Reincorpora gradualmente tus actividades según las indicaciones del cirujano. Típicamente, actividades ligeras pueden retomarse después de la primera semana, mientras que ejercicio intenso y levantamiento de peso se restringen por cuatro a seis semanas o más dependiendo del procedimiento.
La inflamación es normal y esperada. Alcanza su punto máximo entre el segundo y cuarto día, y luego disminuye gradualmente. Puede persistir en menor grado durante semanas o meses. Aplicar frío según las indicaciones puede ayudar en los primeros días.
Los moretones son comunes y se resuelven típicamente en dos a tres semanas.
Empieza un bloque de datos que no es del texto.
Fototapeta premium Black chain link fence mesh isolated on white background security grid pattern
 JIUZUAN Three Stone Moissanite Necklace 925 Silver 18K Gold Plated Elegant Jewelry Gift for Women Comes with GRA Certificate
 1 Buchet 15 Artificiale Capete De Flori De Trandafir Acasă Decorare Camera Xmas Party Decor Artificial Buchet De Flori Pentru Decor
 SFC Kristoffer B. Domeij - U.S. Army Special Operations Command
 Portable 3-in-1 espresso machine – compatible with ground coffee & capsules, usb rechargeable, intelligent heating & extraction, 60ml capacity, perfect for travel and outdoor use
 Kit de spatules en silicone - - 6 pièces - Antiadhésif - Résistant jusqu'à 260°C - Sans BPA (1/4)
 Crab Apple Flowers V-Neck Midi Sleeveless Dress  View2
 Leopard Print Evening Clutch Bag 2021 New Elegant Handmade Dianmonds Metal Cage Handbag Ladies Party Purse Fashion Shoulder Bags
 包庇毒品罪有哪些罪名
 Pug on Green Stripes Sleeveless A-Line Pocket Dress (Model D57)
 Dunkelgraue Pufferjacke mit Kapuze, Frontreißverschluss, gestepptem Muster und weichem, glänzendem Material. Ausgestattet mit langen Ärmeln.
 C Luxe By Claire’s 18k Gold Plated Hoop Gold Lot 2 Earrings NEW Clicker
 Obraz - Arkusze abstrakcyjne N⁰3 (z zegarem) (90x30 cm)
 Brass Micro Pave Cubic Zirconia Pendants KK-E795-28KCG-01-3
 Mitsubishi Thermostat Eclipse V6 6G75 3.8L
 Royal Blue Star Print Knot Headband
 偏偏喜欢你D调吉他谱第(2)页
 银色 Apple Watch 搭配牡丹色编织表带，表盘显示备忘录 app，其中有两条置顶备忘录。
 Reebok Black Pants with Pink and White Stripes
Pueden migrar hacia abajo por gravedad, apareciendo en áreas diferentes a donde se realizó la cirugía.
Evita la exposición solar directa en las áreas tratadas y especialmente en las cicatrices durante los primeros meses. El sol puede causar hiperpigmentación permanente en las cicatrices en formación.
Cuidado de las cicatrices
Las cicatrices pasan por un proceso de maduración que toma de 12 a 18 meses. Durante este tiempo, su apariencia cambiará significativamente.
Inicialmente las cicatrices pueden verse rojas, elevadas o gruesas. Esto es parte normal del proceso de curación. Con el tiempo, típicamente se vuelven más planas, suaves y claras.
Una vez que las incisiones han cerrado completamente y el cirujano lo autoriza, puedes comenzar tratamientos para optimizar la apariencia de las cicatrices. Los geles y parches de silicona son los más respaldados por evidencia científica. Estos productos ayudan a mantener la hidratación de la cicatriz y pueden mejorar su apariencia final.
El masaje de cicatrices, una vez autorizados, puede ayudar a suavizarlas y prevenir adherencias. Tu cirujano puede enseñarte la técnica apropiada.
La protección solar estricta de las cicatrices durante el primer año es fundamental. Usa protector solar de alto factor o cubre las cicatrices con ropa cuando te expongas al sol.
Señales de alerta durante la recuperación
Aunque la mayoría de las recuperaciones transcurren sin problemas, es importante conocer las señales que requieren atención médica.
Fiebre mayor a 38.5°C puede indicar infección y debe reportarse inmediatamente.
Enrojecimiento que aumenta progresivamente alrededor de las incisiones, especialmente si se acompaña de calor, secreción o dolor creciente, puede indicar infección.
Sangrado activo que no se detiene con presión suave requiere atención.
Dificultad respiratoria o dolor de pecho son emergencias que requieren atención inmediata.
Dolor severo que no se controla con los medicamentos prescritos debe comunicarse al cirujano.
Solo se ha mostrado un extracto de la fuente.